Что касается перстосложения, то двуперстное крестное знамение выражает ту же самую истину, что и троеперстие, только в другой комбинации пальцев. Но двуперстие является более древним и более глубоким по содержанию.
У нас в храме, в основном, все крестятся двуперстно, но новичков, когда они приходят, мы не заставляем сразу переходить на старый обряд. При наличии внутреннего догматического единения некоторые разнообразия во внешней обрядовой форме вполне допустимы, такова официальная позиция.
— Как жалко, что к такому разумному и простому решению не пришли в XVII веке, когда произошёл церковный раскол.
— В ряде случаев Церковь, в лице иерархов, причастна к кровавым гонениям на старообрядцев, которые имели место быть, и первое, что приходит на ум — это необходимость принести покаяние за обиды, которые были в прошлом старообрядцам нанесены.
Русская Зарубежная Церковь показала пример этого. Клятвы, которые были в XVII веке наложены на старый обряд, сняли, и следующим шагом должно стать покаяние. Это моя позиция. А моя главная задача, как я ее вижу и чувствую, — это воздействовать на РПЦ в плане ее возвращения к старому обряду, к исходным уставам и традициям.
— Возможно ли, что после покаяния произойдёт объединение Церквей?
— По-человечески, я думаю, что невозможно, и маловероятно, что это произойдёт. Покаяние не приведёт к объединению, но разрядке в наших отношениях послужит. И я при общении со старообрядцами стараюсь испрашивать у них прощения.
— Много сегодня храмов в РПЦ, где богослужения проводятся по старому обряду?
— Сейчас в Москве три таких храма и примерно тридцать приходов по стране.
— Вы член Союза писателей России?
— Меня приняли четыре года назад. Я издал пять книг, это воспоминания, и сейчас на подходе шестой том.
— Кого из писателей Вы выделяете в ряду других?
— Из духовных писателей мне импонирует архимандрит Рафаил (Карелин), он живет в Грузии, у него очень образный язык. А из светских — это Валентин Распутин и Владимир Крупин.
— Вы привыкли к обращению: батюшка, отец Кирилл. А по имени, по имени-отечеству Вас кто-то называет?

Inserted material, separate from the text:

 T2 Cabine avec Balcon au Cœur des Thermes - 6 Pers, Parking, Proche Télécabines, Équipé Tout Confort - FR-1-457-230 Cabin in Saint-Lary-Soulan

— Александр Сергеевич — это мое гражданское имя, оно, конечно, очень редко фигурирует. Например, когда я бываю в больнице на лечении, вот там обычно обращаются по имени-отчеству, но это редко бывает, и я от этого имени отвык. Правда, отец покойный говорил мне так: «Как я тебя называл Сашкой, так и буду называть, хоть ты меня убей».

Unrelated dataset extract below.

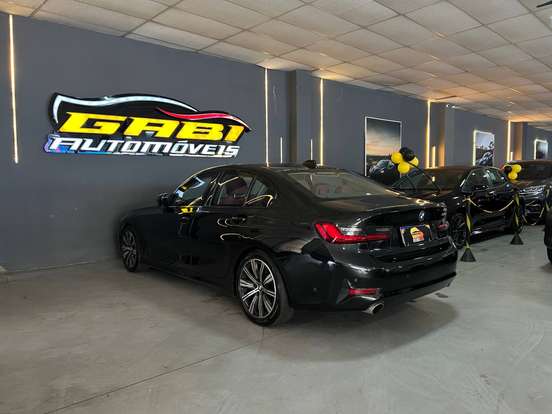 BMW-320i-2022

— Как Вы относитесь к людям, которые не верят в Бога?
— Ну, во-первых, с недоумением. Мне кажется, что логика рассуждений должна прямо приводить к признанию Творца. А второе — это сожаление, жалость, что они лишены этого познания.
Богопознание предполагает наличие чистоты сердца. Бог открывается людям, которые живут в простоте, в чистоте, в духовном опыте, а размышления о Боге за чашкой кофе и с сигаретой в руке — это ложный путь.
У верующего человека намного больше стимулов делать добрые дела. Память о посмертном воздаянии, по выражению Иоанна Златоуста, она, как узда, которая удерживает человека от греха.
Мы созданы Богом по образу и подобию Его, мы призваны прославлять Творца, благодарить Его, обращаться к Нему с просьбами, а если мы этого не делаем, то проявляем, стало быть, неблагодарность.
— Спасибо за беседу…
У меня едва не вырвалось: Александр Сергеевич, да вовремя прикусил язык.
— Спасибо за беседу, отец Кирилл.
— Спаси Господи.
Владимир Смирнов, член Союза писателей России.